After a status conference Monday, April 4, U.S. District Judge Allen Winsor set the deadline for a response by attorneys for the groups Common Cause Florida and FairDistricts Now and five voters.
The plaintiffs filed the lawsuit on March 11 after Gov. Ron DeSantis said he would veto a congressional redistricting plan passed by the Legislature.
Plaintiffs argued, in part, that an impasse between DeSantis and lawmakers jeopardized the chances of reaching agreement on a map—and that judges should step in to make sure revamped districts are set before this year’s elections.
DeSantis vetoed the Legislature’s plan last week and called a special legislative session that will be held from April 19 to April 22.

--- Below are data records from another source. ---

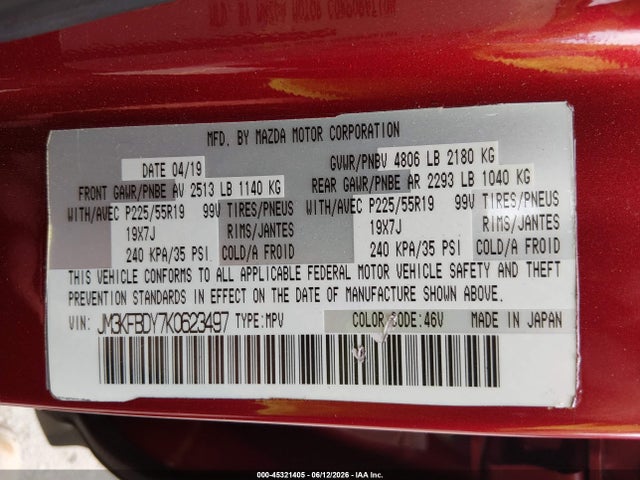 Продажа на аукционе авто 2019 Mazda Cx-5 Grand Touring Reserve, vin: JM3KFBDY7K0623497, номер лота: 45321405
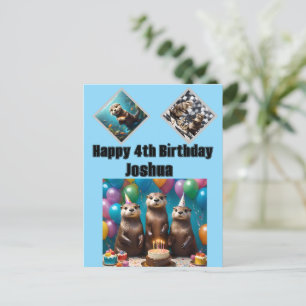 Postale Fête d'anniversaire de triplés loutres, Carte post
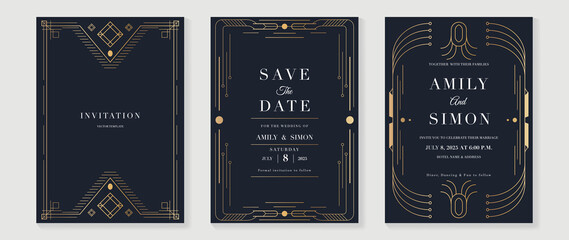 Art deco wedding invitation card vector. Luxury classic antique cards design for VIP invite, Gatsby invitation gold, Fancy party event, Save the date card and Thank you card. Vector illustration.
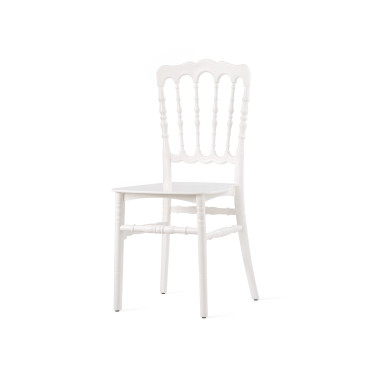 Chaise empilable en polypropylène Napoleon - Blanc ivoire - Lot de 8 - Veba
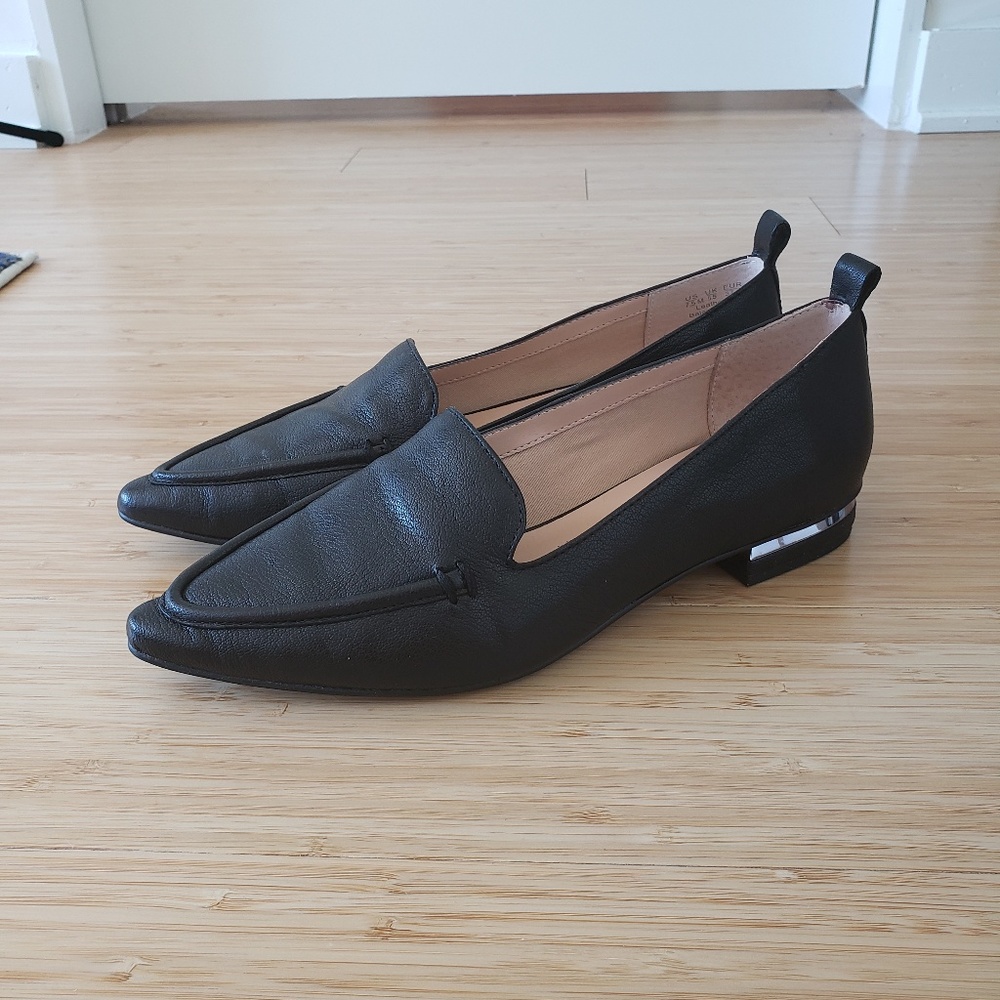 Franco Sarto Black/Silver Susie Leather Loafers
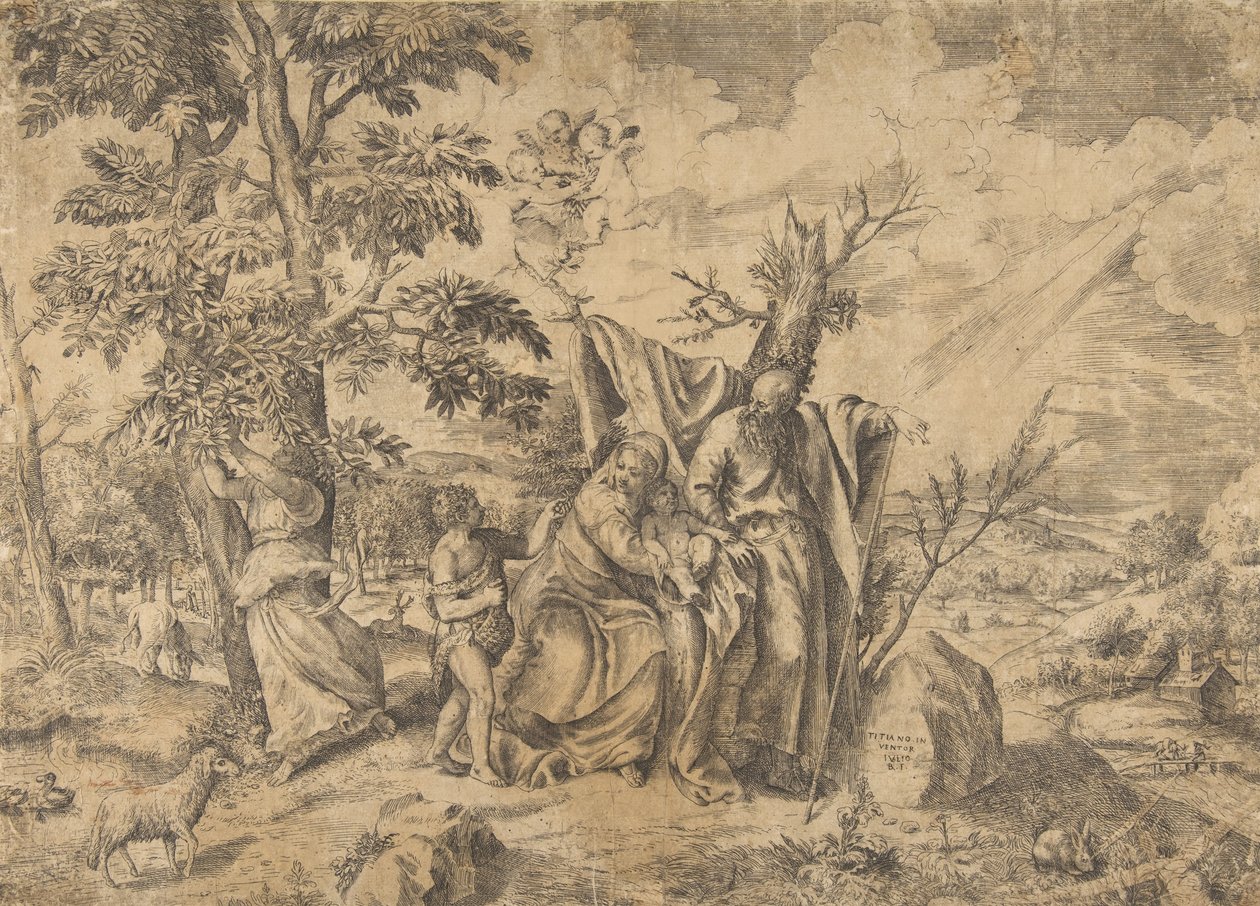 Lepo lennossa Egyptiin, Joosef oikealla, Neitsyt pitelee Kristuslapsia..., 1531-76. tekijältä Giulio Bonasone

Secretary of State Laurel Lee, the named defendant in the case, filed a motion Friday seeking a stay of the lawsuit. The motion pointed to the special session and a similar lawsuit filed in Leon County circuit court.
“A stay is appropriate to allow the political branches to do their work,” the motion said. “After all, the Florida Legislature is constitutionally tasked to reapportion the state’s congressional districts.”
Lee’s attorneys also filed arguments Friday in the Leon County case, saying the issue is “not ripe for adjudication,” as a congressional map could pass during the special session.